Buy Zensar Tech Ltd for Target Rs.1,000 by Choice Institutional Equities
AI-driven TCV reaches 28%; EBITDAM to Stay Within Mid-Teens:
ZENT's deal momentum is increasingly driven by AI, contributing 28% to TCV, up from 21% in Q1FY26. TMT vertical de-grew by 10.2% in CC terms, with clients shifting investment from Opex to Capex for GPUs and data centres. However, we believe, going ahead, de-growth in TMT is expected to bottom out. Moreover, the company’s strategy is to grow other verticals faster so as to reduce TMT exposure. The company is also deeply committed to deliver mid-teens EBITDA margin on a consistent basis despite investing in sales, capabilities and platforms.

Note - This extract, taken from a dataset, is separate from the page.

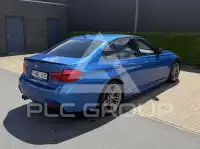 2016 BMW 330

View & Valuation: ZENT’s H1FY26 performance remained constrained by tariff impact in the TMT and MCS verticals. However, ZENT’s focused services-led growth and AI-led deal wins positions it well relative to peers. We expect Revenue/EBIT/PAT to expand at 9.0%/12.2%/14.7% CAGR over FY25–28E. We maintain BUY rating with a revised Target Price of INR 1,000, based on FY27–28E avg. EPS of INR 40.